- WHAT YOU SHOULD DO -
The first line of the entries is where the copy starts and the line with "Imã Carneiros de Bighorn" is where it ends; set down each line exactly, both ends included, and drop pictures.

Short web captions
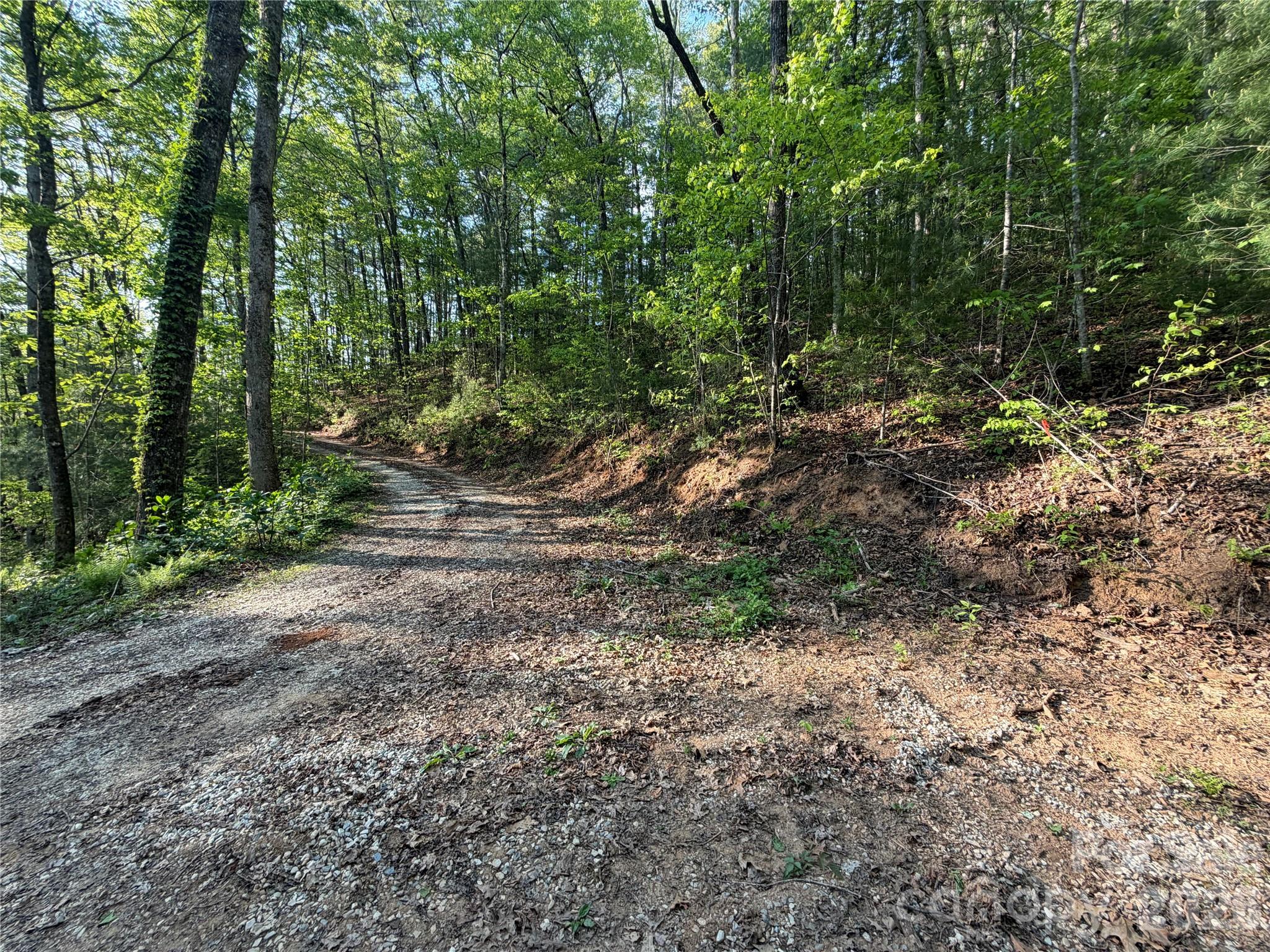 0 Howard Edwards Road Robbinsville, NC 28771 - Photo 21 of 21 a view of outdoor space and trees
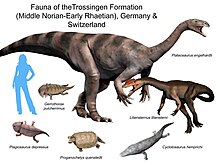 Selected fauna of the Trossingen Formation Trossingen formation NT.jpg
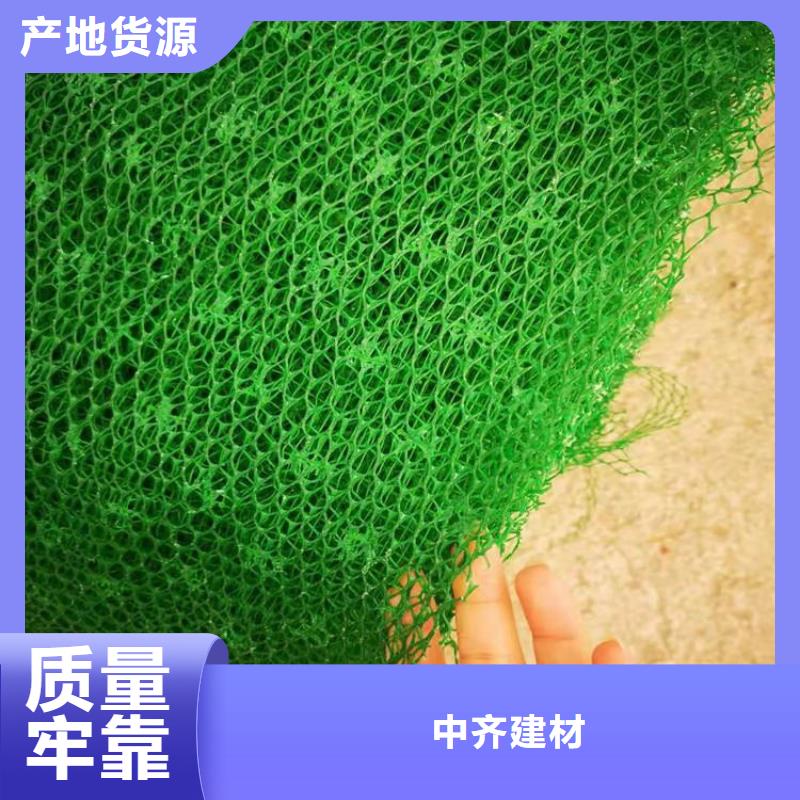 三维植被网软式透水管当地货源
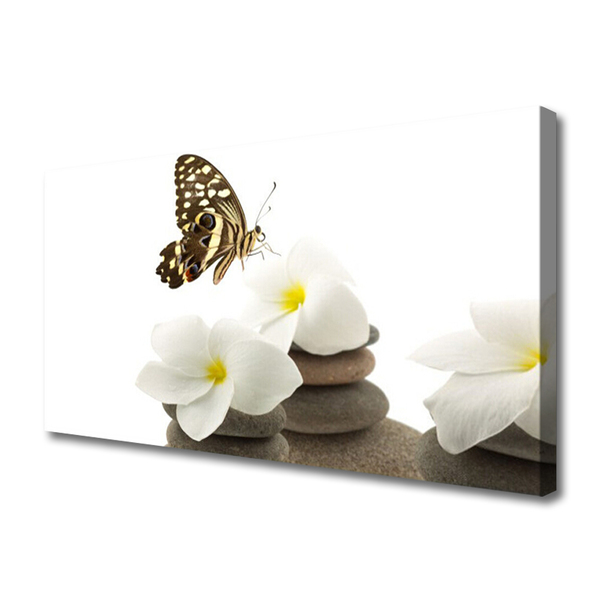 Canvas kép Butterfly Flower Plant Stones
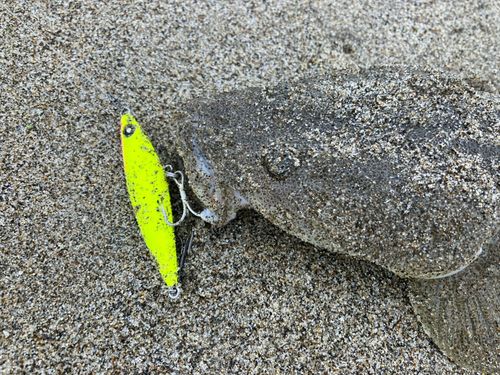 マゴチの釣果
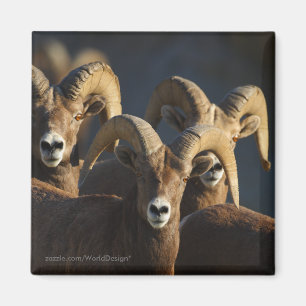 Imã Carneiros de Bighorn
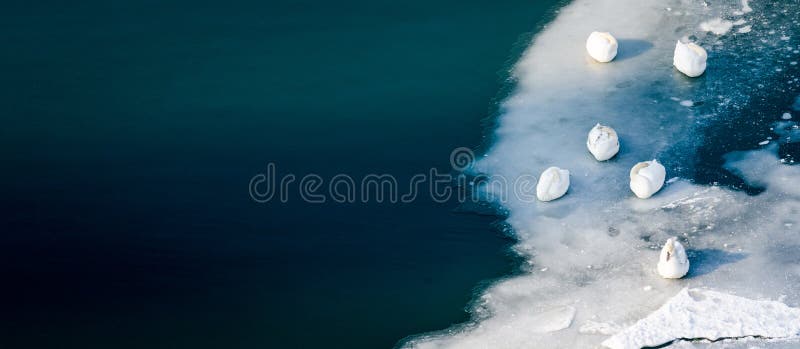 Moltitudine di bei cigni muti bianchi che dormono sul ghiaccio di bello fiume del turchese o lago, animali liberi nel concetto de fotografie stock Moltitudine di bei cigni muti bianchi che dormono sul ghiaccio di bello fiume del turchese o lago, animali liberi nel concetto de fotografie stock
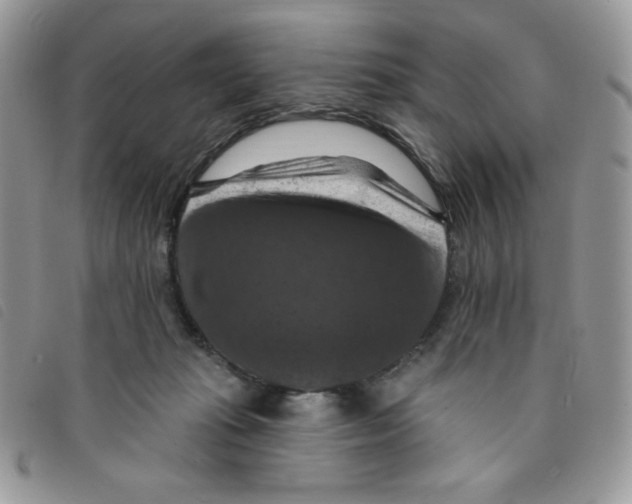 X0000095550269200801111500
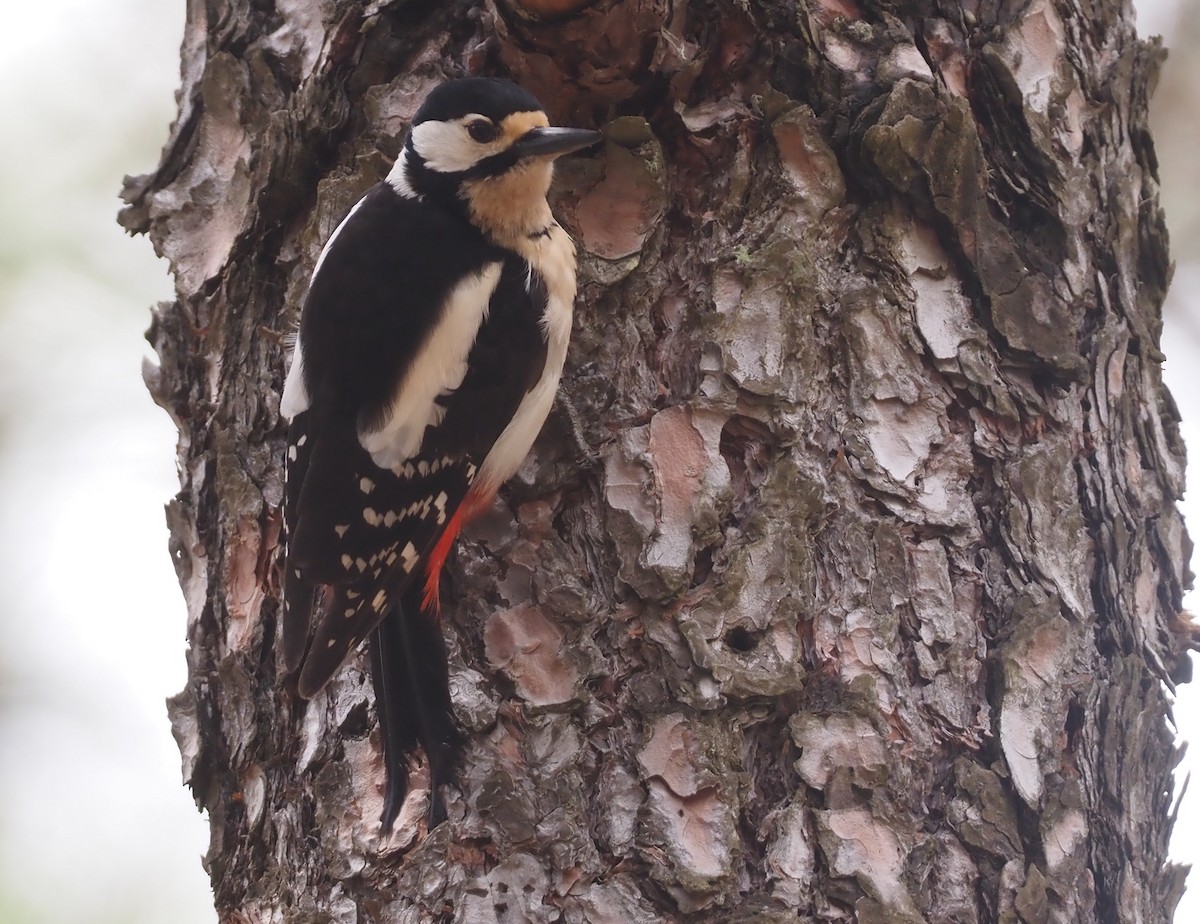 Great Spotted Woodpecker (Canarian) - ML618168787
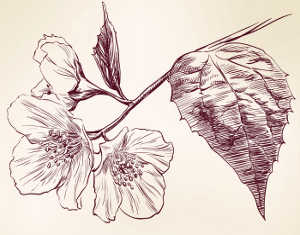 Jasmine flori tatuaj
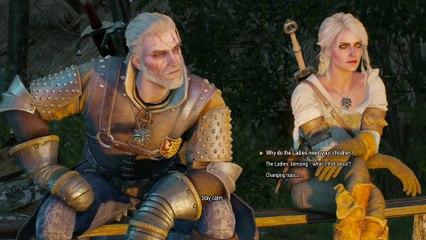 THE WITCHER 3 WALKTHROUGH PART 208 - BALD MOUNTAIN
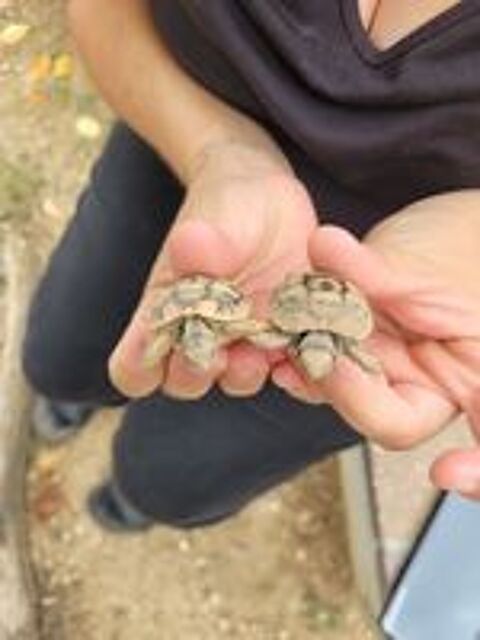   Bébés tortues de terre d'août 2026
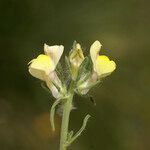 Misopates calycinum Çiçek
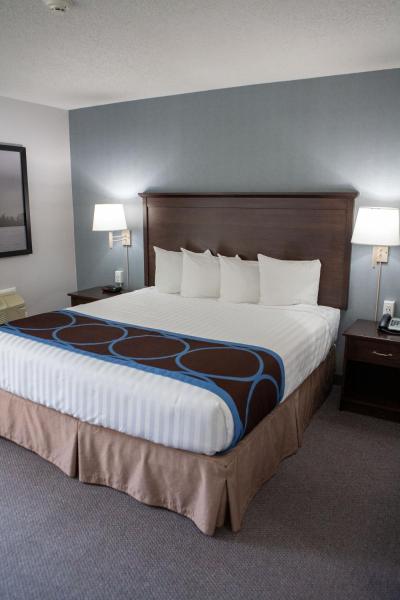 Photo 5 : Super 8 by Wyndham Port Elgin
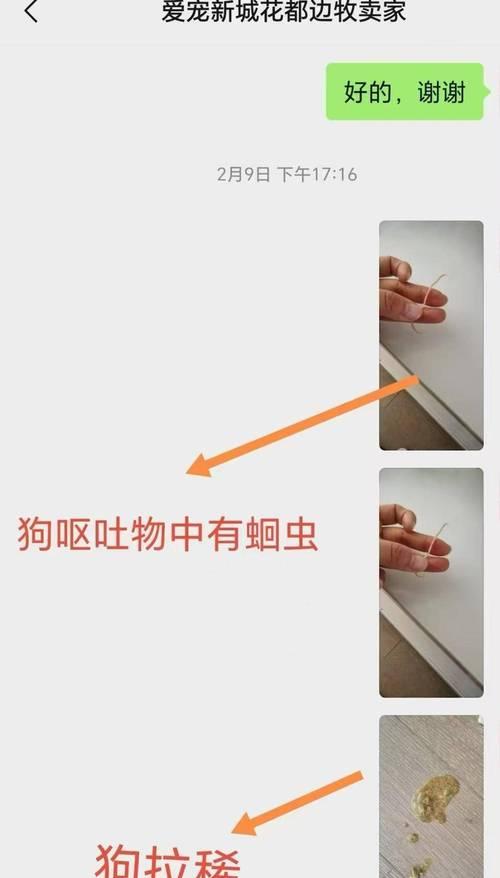 边牧幼犬进食后多久拉全攻略(图3)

- OUTPUT BELOW -
 0 Howard Edwards Road Robbinsville, NC 28771 - Photo 21 of 21 a view of outdoor space and trees
 Selected fauna of the Trossingen Formation Trossingen formation NT.jpg
 三维植被网软式透水管当地货源
 Canvas kép Butterfly Flower Plant Stones
 マゴチの釣果
 Imã Carneiros de Bighorn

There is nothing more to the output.